On inflation, she said the Bank continues to see a “mixed picture.”
“On one hand, inflation remains too high, with many of the goods and services Canadians regularly buy showing large price increases,” she said. “On the other hand, three-month rates of change in core inflation have come down, an early indicator that price pressures may be losing momentum.”
Headline inflation has fallen from a peak of 8.1% to 6.9%, while year-over-year core inflation has now stopped rising.
Looking forward to the Bank’s next policy meeting on January 25, she noted the decision will be followed by a summary of deliberations that will be published on the Bank’s website about two weeks later.
This follows recommendations from an International Monetary Fund review of the BoC’s transparency practices, in which it called on the Bank to begin publishing such summaries.
“Being open is always important, but it is especially crucial in uncertain times—and as we work to bring inflation back to our 2% target,” she said.

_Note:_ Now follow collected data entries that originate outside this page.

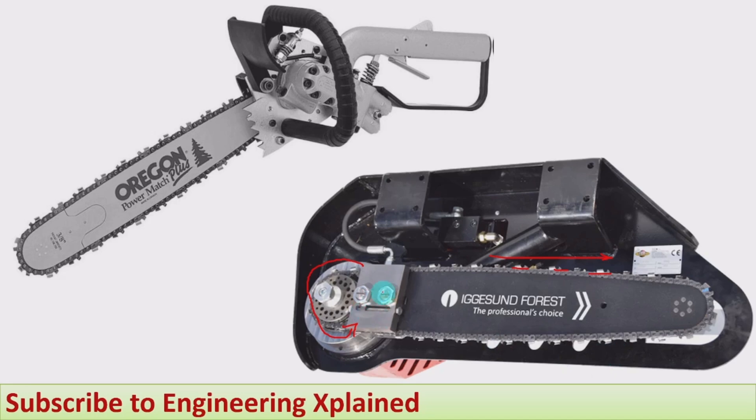During continuous rotation, the cutting of the wood takes place. By using hydraulic power we run the chain, and the chain cuts the wood. That is how the working of the hydraulic chainsaw takes place.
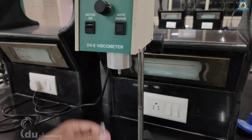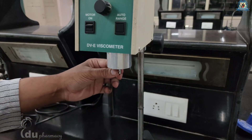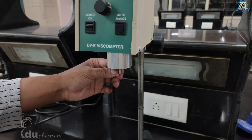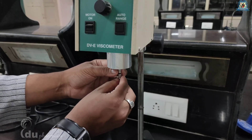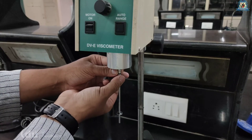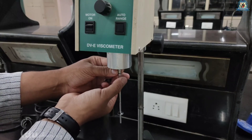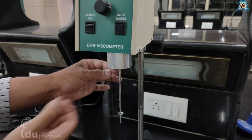Spindles are attached to the viscometer by screwing them to the male coupling nut. To attach the spindle, slightly lift up and hold the coupling nut, then screw the spindle clockwise. Be sure that the motor is off before attaching the spindle.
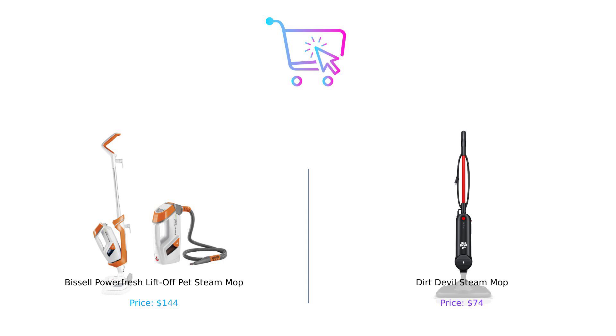So what's the verdict? If you're a pet owner looking for a heavy-duty clean with all the bells and whistles, the Bissell PowerFresh Lift-Off Pet Steam Mop is your champ. But if you're on a budget and just need something simple to tackle everyday messes, the Dirt Devil is your trusty sidekick. Remember, cleaning doesn't have to be a chore — it can be an adventure, just like our shopping trips. Thanks for tuning in to BuySmart. If you found this video helpful, give us a thumbs up, subscribe, and hit that bell icon so you never miss our crazy comparisons. Until next time, keep it clean and keep it smart.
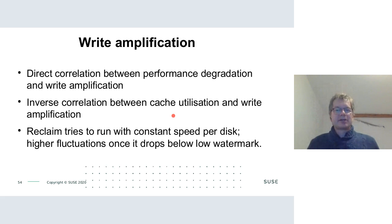There's a direct correlation between performance degradation and write amplification, and an inverse correlation between cache utilization and write amplification. Reclaim tries to run at constant speed per disk above the low watermark, but below the low watermark it runs at full speed, causing interaction between I/O performance and reclaim performance. The idea of NUMA-controlling kernel work queue entries would help — but that interface doesn't currently exist.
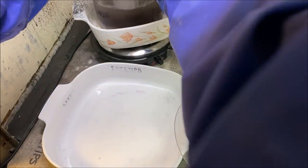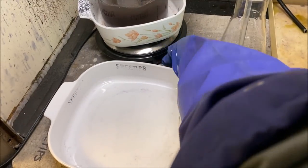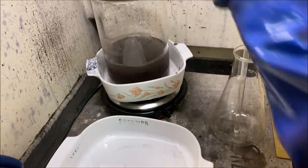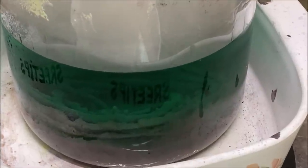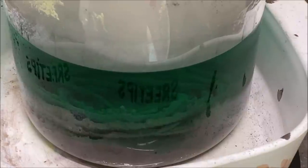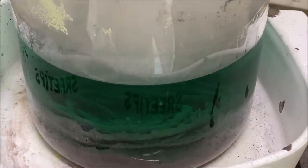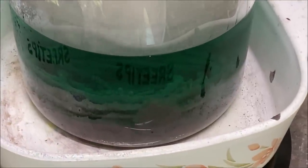Sticking it back on the heat to continue boiling. This has been on boiling today for about 10 hours now. I think I've had it on the heat now in boiling sulfuric acid for 38 hours total, and it's still not fully dissolved.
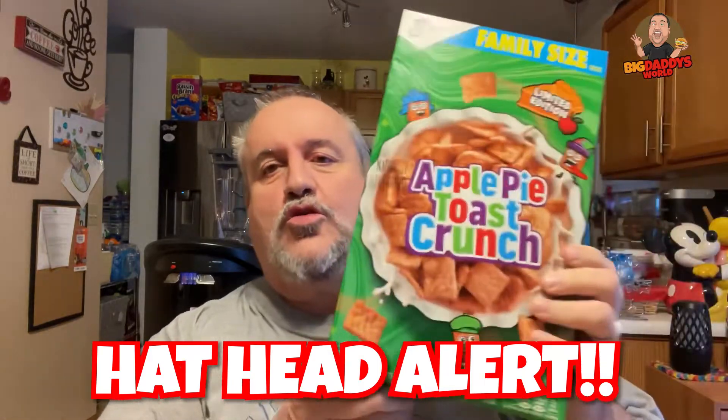Apple Pie Toast Crunch cereal — that's what we're doing today. The people from Cinnamon Toast Crunch came out with an apple pie flavored Toast Crunch, which I imagine has the Cinnamon Toast Crunch goodness with a flavor of apple. Combine all that and it's apple pie.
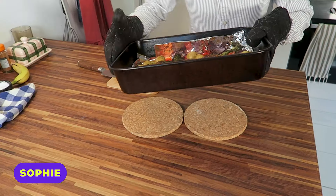Hey guys, I'm Sophie, and I'm here with Student Beans. Today, we're gonna be making a chicken and veg tray bake.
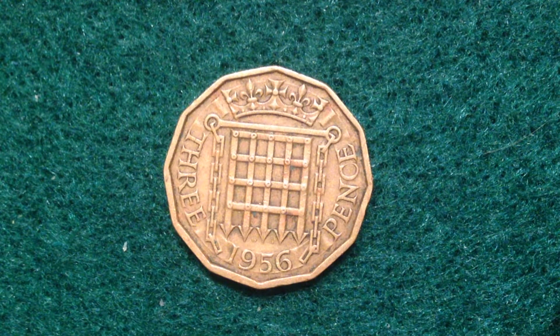The nickel brass composition is 79% copper, 20% zinc, and 1% nickel. The copper content gives it a color very similar to the United States penny.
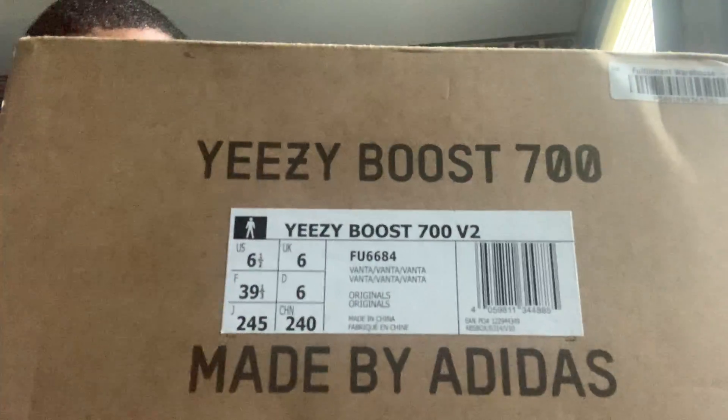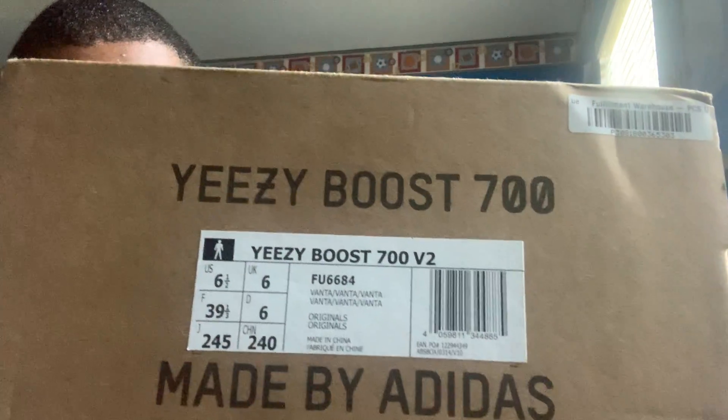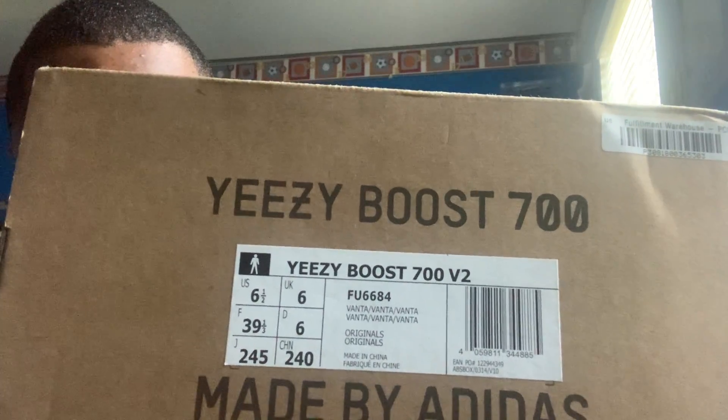Today I'm going to be doing the unboxing of the Yeezy Boost 700, the Vance colorway. As you can see, I tried to find the tag — right here it says I got a six and a half, that's what size I wear. The Vance colorway, Yeezy Boost 700.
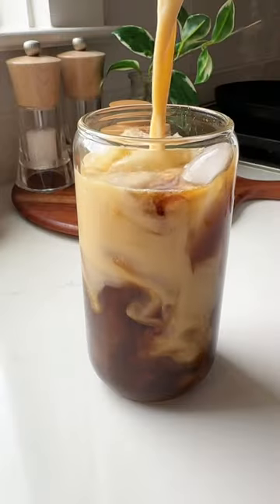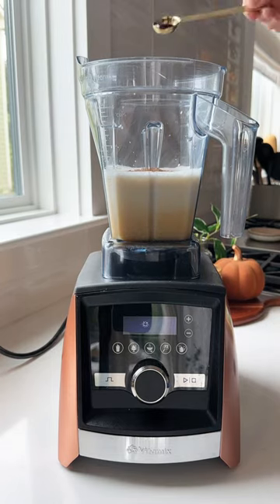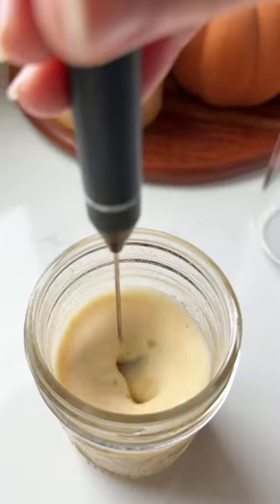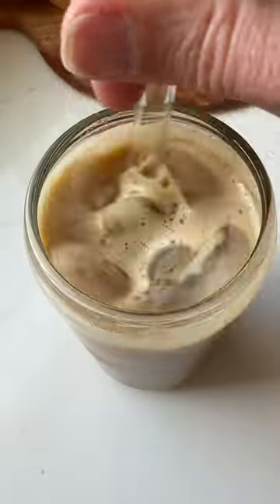If you're a pumpkin coffee girly like me, you're going to be obsessed with this recipe. You can meal prep your own pumpkin spice creamer for a fraction of the cost of store-bought, and you can tailor it to your needs. You can make it dairy-free, lower sugar. It tastes so creamy and delicious, especially if you froth it up, and it is perfect for cold brew or hot coffee. I can't wait for you to try this one.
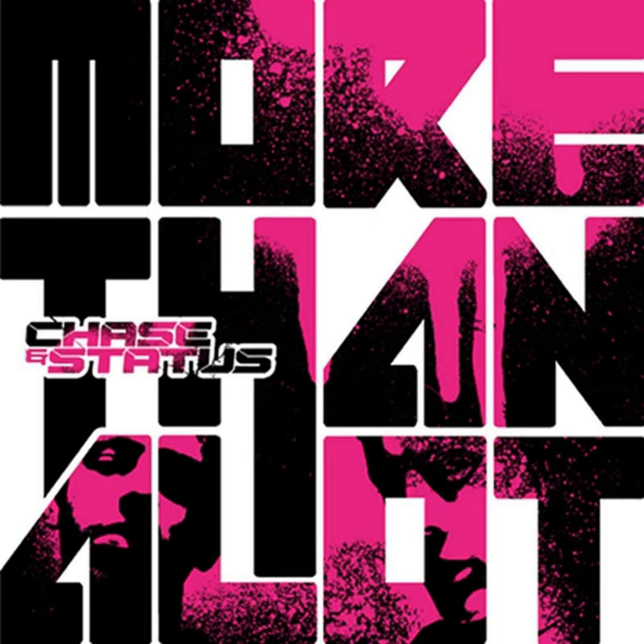So there you have it, the complete guide on how to write a massive club banger. So that's goodbye from me, and goodbye from Music Club. See you later, gang.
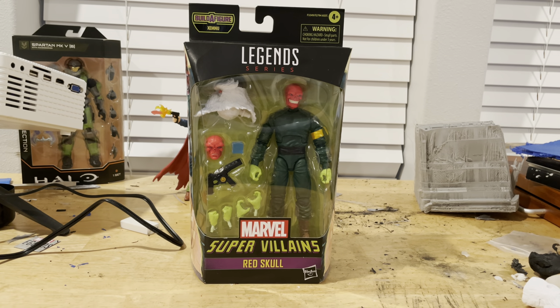Hello everyone, this is StunterCollector here with another action figure review. Here we have the Supervillains Wave Red Skull that builds Ximunu.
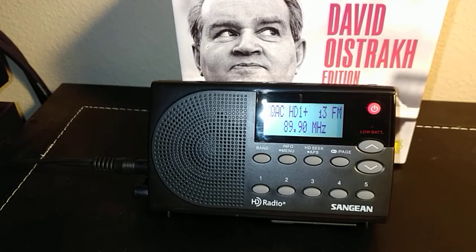Hello, this is my new Sangean HDR-14 HD Radio. I got this about a week ago and so far it's been wonderful. I'm playing it right now through my Yamaha RS202 receiver. You can see I've got an auxiliary Y adapter plugged into the headphone jack of the Sangean. I also have the AC adapter plugged in, and you can see that it's tuned to KQAC HD1 plus — the plus means there are other HD channels on the same station.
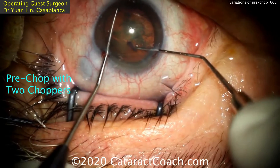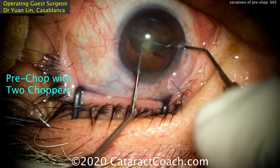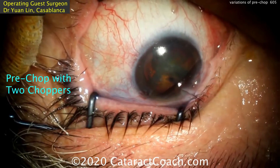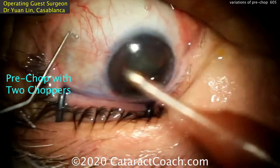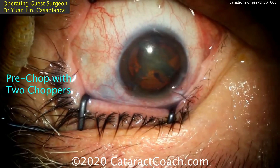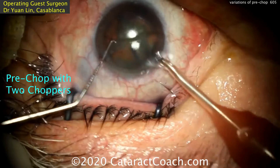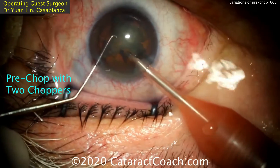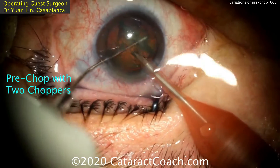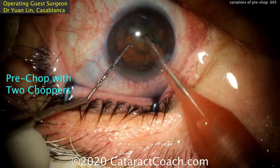Now here's pre-chop with just two choppers. Dr. Lin is placing two choppers inside the eye, digging into the nucleus and pulling apart, creating two halves — no additional instrumentation required. The phacoprobe is now being placed inside the eye. You also notice a different draping technique here, with plenty of betadine on the lid margin, though our preference is to isolate the eyelid margin and lashes. There are the two nuclear halves.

Equitable Bank launches in Quebec
Equitable Bank announced on Thursday the launch of its EQ Bank digital banking platform in Quebec, making its services now available coast-to-coast.
“We’re thrilled for EQ Bank to be part of Quebec’s financial landscape,” said Mahima Poddar, Group Head of Personal Banking. “We are so excited to be helping Quebecers make more with their money.”
In the bank’s previous quarterly earnings calls, President and CEO Andrew Moor said the province has a large “digitally savvy” population, and predicted that “by this time next year, we think Quebec customers could represent 5% or more of EQ Bank deposits.”
As of Q2, EQ Bank saw its customer base grow 26% year-over-year with the addition of over 13,000 new customers in that quarter alone.
OSFI increases capital buffer for Canada’s big banks
Canada’s banking regulator has upped the amount of capital the country’s largest banks will be required to maintain in the event of “vulnerabilities.”
As part of its semi-annual review of the Domestic Stability Buffer (DSB), the Office of the Superintendent of Financial Institutions increased the DBS level to 3%, up from 2.5%.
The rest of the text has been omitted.